Challenge: LLMInferenceService requires Red Hat-supported operators (cert-manager, sail-operator, lws-operator) that are normally deployed via OLM (Operator Lifecycle Manager) on OpenShift. OLM is not available on vanilla Kubernetes.
Solution: Extract operator manifests from OLM bundles and deploy using Helm/Helmfile.
Components
| Component | Version | Purpose | OLM Bundle Source |
|---|---|---|---|
| cert-manager-operator | v1.15.2 | TLS certificate management | registry.redhat.io/cert-manager/cert-manager-operator-bundle |
| sail-operator (Istio) | 3.2.1 | Gateway API for inference routing | registry.redhat.io/openshift-service-mesh/istio-sail-operator-bundle |
| lws-operator | 1.0 | LeaderWorkerSet for distributed inference | registry.redhat.io/leader-worker-set/lws-operator-bundle |
Note: We use Istio only for Gateway API (inference routing), not as a service mesh.
Why Helm Charts?
| On OpenShift | On xKS (AKS/CKS) |
|---|---|
| OLM manages operator lifecycle | No OLM available |
Subscription CR triggers install |
Need alternative deployment method |
| Automatic upgrades via OLM | Manual upgrades via Helm |
Helm provides: - Declarative deployment - Version control - Rollback capability - Integration with GitOps (ArgoCD, Flux)
How We Extract OLM Bundles
Tool: olm-extractor
We use olm-extractor to convert OLM bundles to Kubernetes manifests.

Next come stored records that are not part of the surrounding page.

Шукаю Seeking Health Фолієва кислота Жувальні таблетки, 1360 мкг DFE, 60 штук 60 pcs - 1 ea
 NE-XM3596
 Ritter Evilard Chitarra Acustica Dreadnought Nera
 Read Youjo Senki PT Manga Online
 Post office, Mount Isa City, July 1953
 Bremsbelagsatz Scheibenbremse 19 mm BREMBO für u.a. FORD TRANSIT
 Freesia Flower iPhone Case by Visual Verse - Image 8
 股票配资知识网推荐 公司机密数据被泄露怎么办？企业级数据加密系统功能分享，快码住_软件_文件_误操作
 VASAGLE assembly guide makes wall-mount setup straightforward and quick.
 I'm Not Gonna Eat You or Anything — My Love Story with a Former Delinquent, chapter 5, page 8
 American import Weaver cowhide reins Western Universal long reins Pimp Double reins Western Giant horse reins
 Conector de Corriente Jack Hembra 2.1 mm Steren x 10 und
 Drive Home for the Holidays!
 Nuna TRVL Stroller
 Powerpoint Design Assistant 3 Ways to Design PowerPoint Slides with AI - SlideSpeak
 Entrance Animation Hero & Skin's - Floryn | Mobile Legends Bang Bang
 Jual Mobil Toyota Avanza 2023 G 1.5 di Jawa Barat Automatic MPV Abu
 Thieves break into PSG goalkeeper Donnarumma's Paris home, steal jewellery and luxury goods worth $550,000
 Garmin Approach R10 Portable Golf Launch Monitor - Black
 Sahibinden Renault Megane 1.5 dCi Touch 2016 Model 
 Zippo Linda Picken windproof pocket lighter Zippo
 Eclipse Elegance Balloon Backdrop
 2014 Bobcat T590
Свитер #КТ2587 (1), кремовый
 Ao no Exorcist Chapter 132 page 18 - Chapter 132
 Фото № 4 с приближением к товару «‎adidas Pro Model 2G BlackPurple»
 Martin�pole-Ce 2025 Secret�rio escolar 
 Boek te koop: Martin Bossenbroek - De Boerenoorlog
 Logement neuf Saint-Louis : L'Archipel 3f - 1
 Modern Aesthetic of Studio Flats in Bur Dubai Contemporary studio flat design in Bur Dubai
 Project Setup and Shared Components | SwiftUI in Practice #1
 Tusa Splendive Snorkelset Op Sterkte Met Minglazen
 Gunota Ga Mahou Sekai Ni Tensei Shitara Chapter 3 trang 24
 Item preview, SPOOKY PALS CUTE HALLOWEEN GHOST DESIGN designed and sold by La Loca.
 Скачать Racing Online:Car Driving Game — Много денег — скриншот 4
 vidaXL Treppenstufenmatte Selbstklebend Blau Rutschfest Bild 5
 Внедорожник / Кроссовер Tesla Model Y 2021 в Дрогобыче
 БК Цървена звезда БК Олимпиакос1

# Example: Extract sail-operator bundle
podman run --rm \
-v ~/.config/containers/auth.json:/root/.docker/config.json:z \
quay.io/lburgazzoli/olm-extractor:main \
run "registry.redhat.io/openshift-service-mesh/istio-sail-operator-bundle:3.2.1" \
-n istio-system \
--exclude '.kind == "ConsoleCLIDownload"'
What olm-extractor does: 1. Pulls the OLM bundle image 2. Reads the ClusterServiceVersion (CSV) 3. Extracts deployment, RBAC, CRDs 4. Outputs Kubernetes YAML manifests
Post-Processing
After extraction, we:
1. Split into CRDs and templates
2. Templatize namespace references
3. Add imagePullSecrets for Red Hat registry
4. Apply CRDs with --server-side (some are 700KB+)
Why This Approach?
Red Hat Supported Components
We use Red Hat-supported operator bundles because: - Support: Covered under Red Hat subscription - Tested: Validated on OpenShift, compatible with Kubernetes - Security: Regular CVE patches - Compliance: Required for enterprise customers
Implementation Details
Repository Structure
rhaii-on-xks/ # Monorepo
├── helmfile.yaml.gotmpl # Imports operator charts (local paths)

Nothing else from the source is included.